Aujourd’hui, la violence familiale et le viol constituent des risques plus importants pour les femmes entre 15 et 44 ans que le cancer, les accidents de la route ou le paludisme. En France, 654 000 femmes ont déclaré avoir subi des violences physiques ou sexuelles en 2009, soit près de 20 000 de plus qu’en 2008. Une femme meurt sous les coups de son mari tous les deux jours et demi en France.

Alors que les campagnes de sensibilisation à l’égard de la lutte contre les violences faites aux femmes se multiplient, nous devons nous engager ensemble pour lutter contre ce fléau. Un fléau qui n’épargne aucune société : violence conjugale, abus sexuels, harcèlement sexuel au travail, mariage précoce ou forcé, mutilations génitales, agressions sexuelles, viols comme tactique de guerre, etc.

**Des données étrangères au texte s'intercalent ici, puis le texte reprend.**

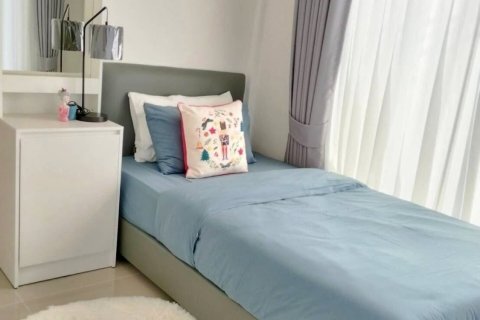 Casa de 3 dormitorios en Pattaya, Tailandia № 203521 - foto 9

Face à un tel constat, nous savons que la réponse ne peut être que globale et néanmoins adapté à la situation de chaque pays. Une réponse qui doit englober la prévention et l’aide aux victimes bien sûre mais également une réponse ferme à l’endroit des agresseurs. Pour cela, notre soutien aux associations d’aide aux victimes est indispensable!

Si la lutte contre les violences est devenue grande cause nationale depuis 2010, si les actions de lutte contre ces violences se multiplient, force est de constater que nous devons faire face à un problème qui doit être combattu par l’ensemble de la société. 

Alors que notre société est encore marquée par de fortes inégalités entre les femmes et les hommes, la question de la condition féminine doit être plus que jamais une priorité si l’on souhaite faire évoluer les mentalités. Nous devons prendre conscience ensemble que les violences faites aux femmes constituent un fléau et nous attaquer aux inégalités.